I feel awful for her and am not sure what the best life I can provide her at this point? If people suggest the fish, what kind? Will she have the greater chance to be part of the gang with one type over another? I should also mention she was the most aggressive fish in her school when she did have friends.

Thanks in advance.


----------



## sschlesier (Sep 16, 2016)

I don't know about the invasive species thing, but I'm pretty sure I've seen them in multiple Vancouver shops over the last month or so.


----------



## kim86 (Sep 5, 2012)

They've been restricted and aren't supposed to be sold in BC anymore, so I have pulled them from my store's stock since a while back. 

As far as what fish would do well, and for similar looking, some kind of pencilfish may work.


----------



## Atom (Apr 21, 2010)

I think I saw some gold ones at Pet Habitat a month ago?

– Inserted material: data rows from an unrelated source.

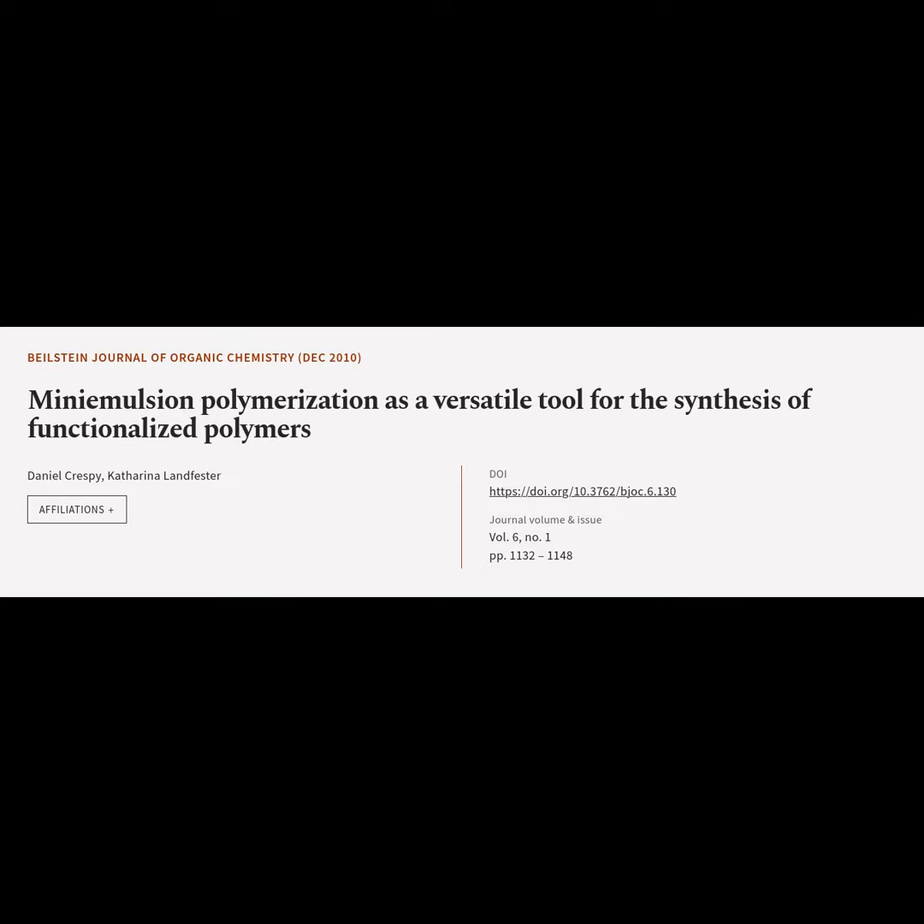This article is titled Mini-Emulsion Polymerization as a Versatile Tool for the Synthesis of Functionalized Polymers, and was authored by Daniel Crespi and Katerina Lanfester.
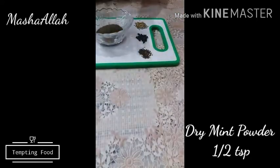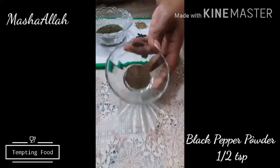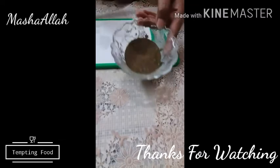This is homemade. Black pepper powder — Kali mirch ka powder — 1.5 teaspoon. Mix well and done. Thanks for watching, don't forget to subscribe to my channel. Allah Hafiz.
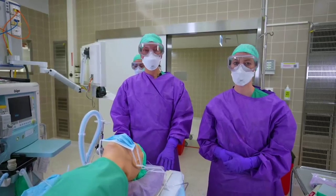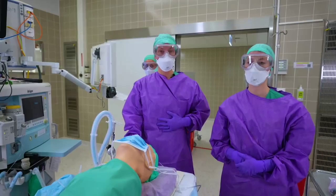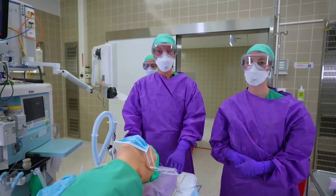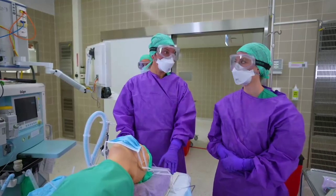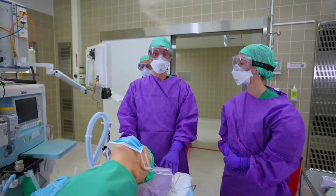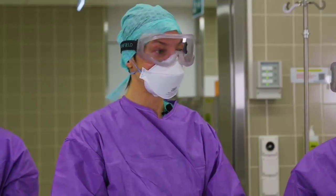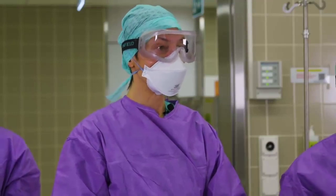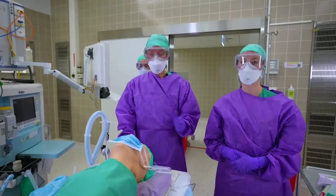After successful extubation, it's important to doff your personal protective equipment according to your local standard operational procedures. Again, a body check is important. We also recommend debriefings after intubation and extubation to further optimize your procedure.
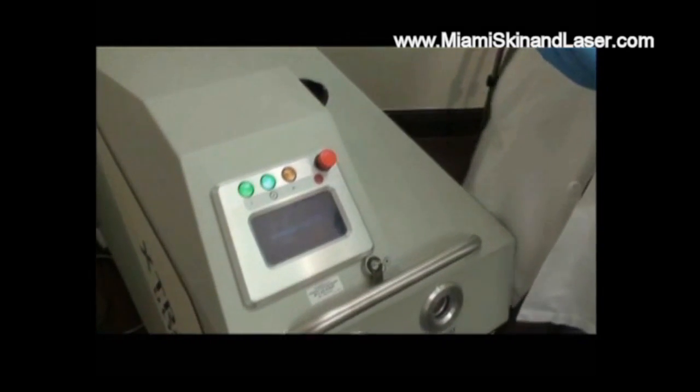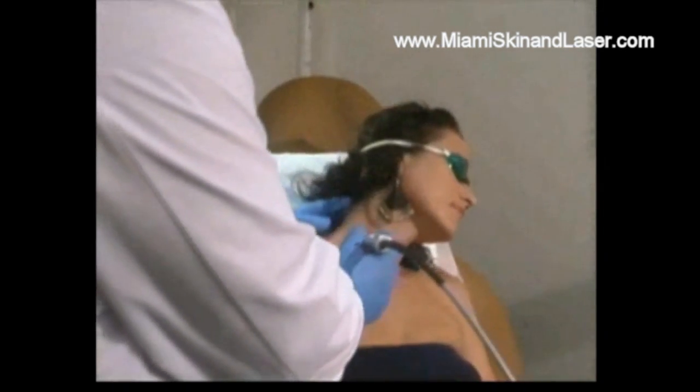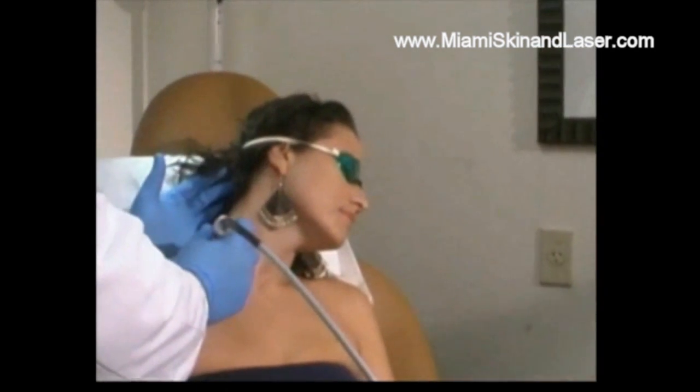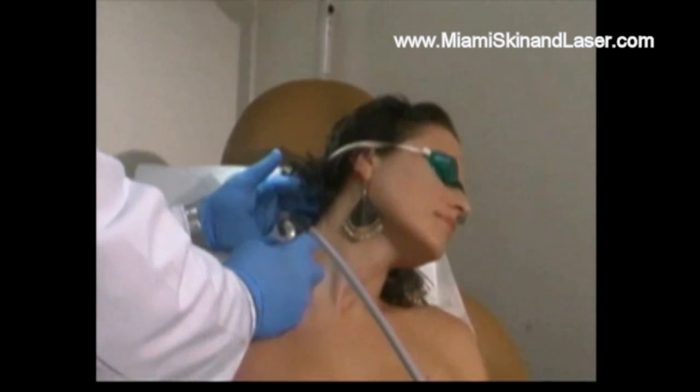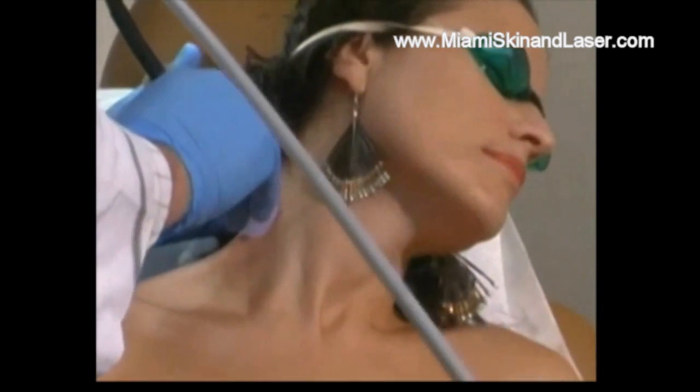Now we will go ahead and start treatment. We'll put these goggles over our patient's eyes. Although we're treating vitiligo and psoriasis with this excimer laser, we'll go ahead and treat it as such. The device is applied to the skin surface and the treatment pattern is determined, trying not to overlap and treating appropriately.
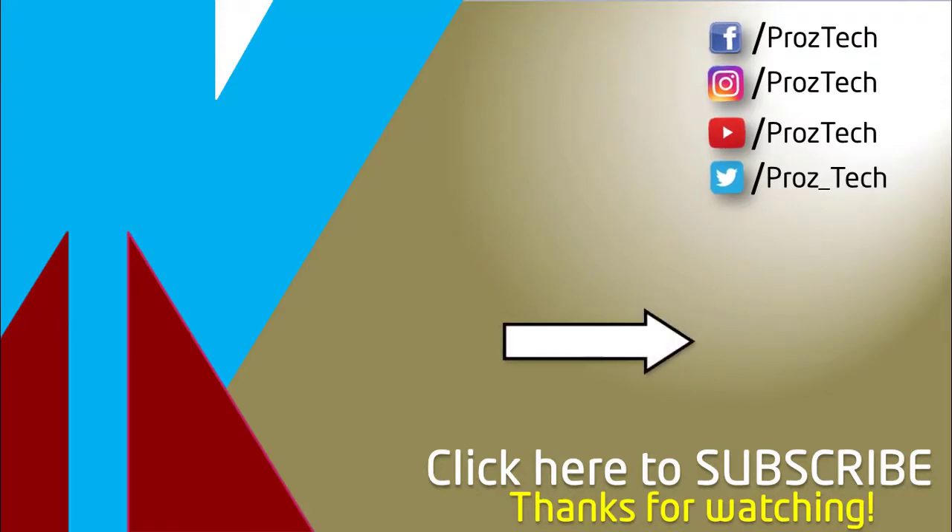What do you think about these smartphones? Do let us know in the comments section below. I hope you liked this video — don't forget to give it a thumbs up and subscribe to the channel. Thanks for watching.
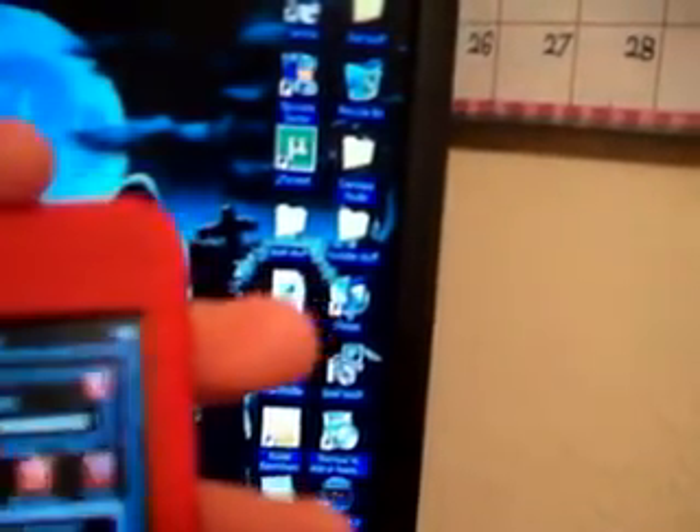Hello guys, it is myipodtouchhelp here and today I'm going to show you how to jailbreak your 3.1.2 iPod Touch. I just deleted my other video because you could not see anything, so here we go.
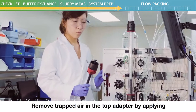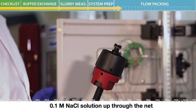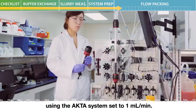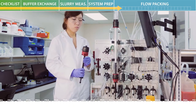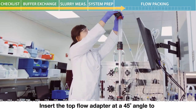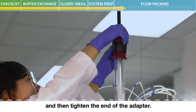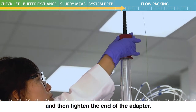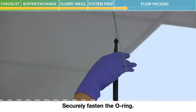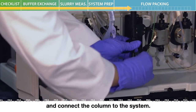Remove trapped air in the top adapter by applying 0.1 molar sodium chloride solution up through the net using the ACTA system set to 1 milliliter per minute. Insert the top flow adapter at a 45 degree angle to prevent air from getting inside the column, and then tighten the end of the adapter. Securely fasten the O-ring. Remove the stop plug at the bottom adapter and connect the column to the system.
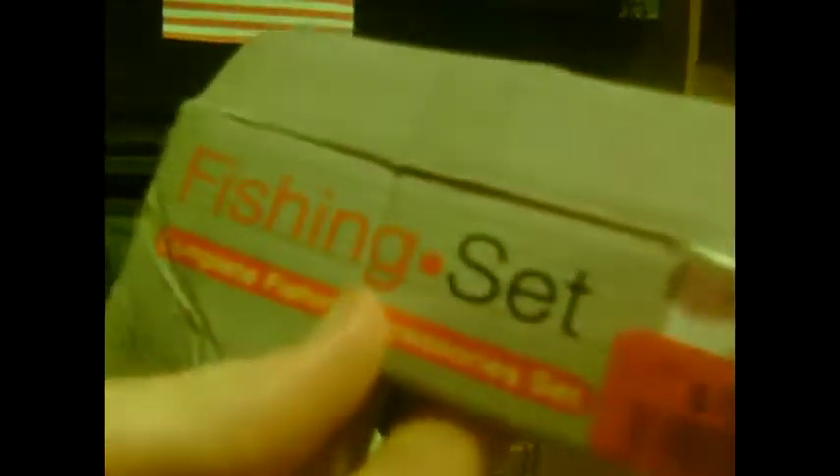Alright guys, quick product review today. My friend actually picked this up. I've been looking for one because he got one, but he actually found one on vacation. So I figured I'd show it to you guys. I already opened it. It's the Mammoth Fishing Set.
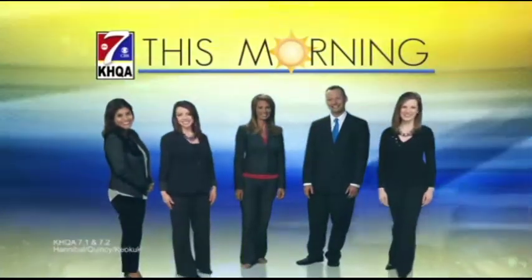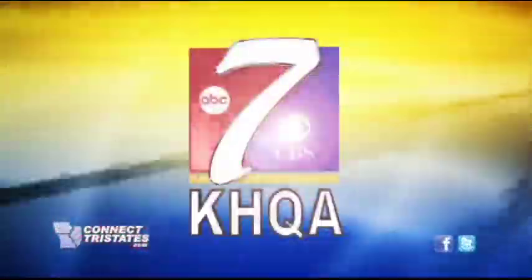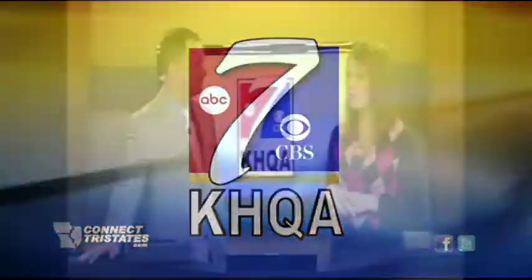Live from across the tri-states, this is KHQA This Morning. It's your news now. We're doing a double, double gardening today. Kristen is in Hannibal at one of their community gardens — at Common Ground.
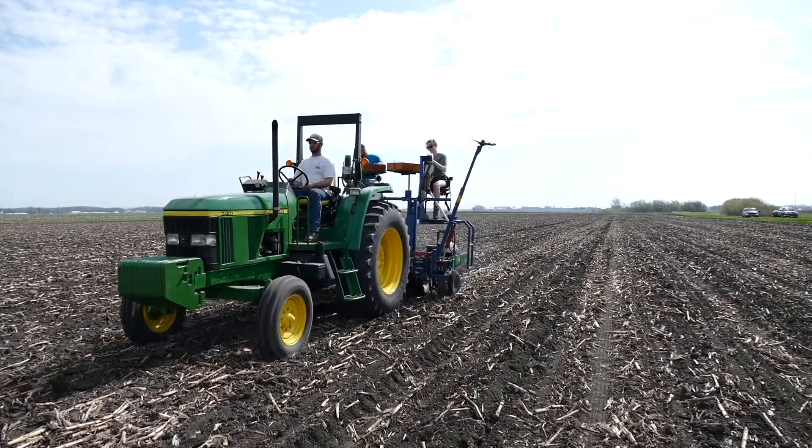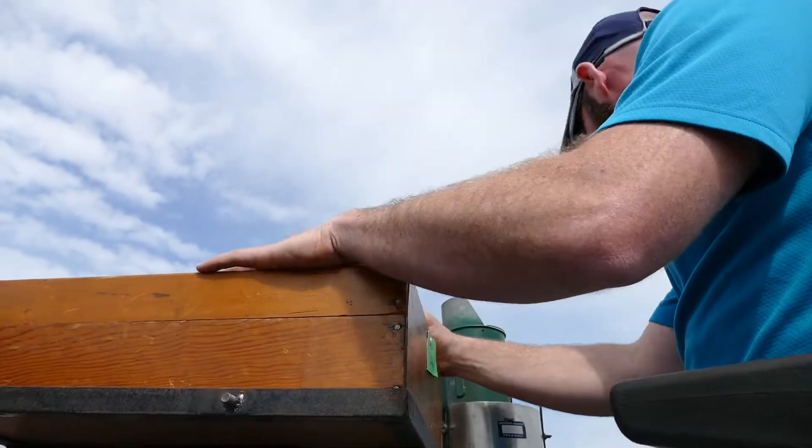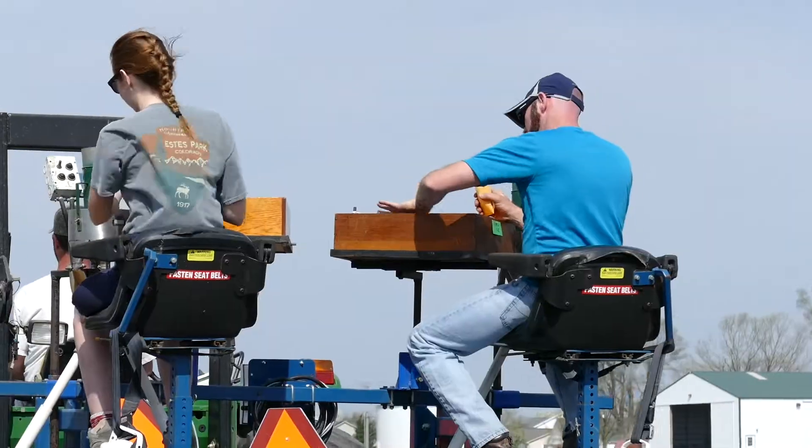There'll be hundreds of different plots within this field, two replications of most, and there's going to be roughly probably around a thousand plots in this part of the field.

Sent from my iPhone using Tapatalk


----------



## Jacksmom (Apr 11, 2016)

Thanks for the input guys. I went with a couple neon tetras and the minnow does seem a lot happier. He's active again I did look into the pencilfish and they did look very similar to my minnow but they are warm water fish from what I read and I didn't want to increase the minnows temperature since he's been through so much in the last months. The neon tetra's min temp and the minnow's max temp were in line so I met in the middle for them Not an ideal situation for any of them but the minnow's activity level has went back to a more normal range. I'm feeling a little better for him Thanks again.


----------



## funkycat (Nov 3, 2010)

Glad you solved the problem! 

Just FYI aquariums west had some White Cloud Mountain Minnows when i went in today


----------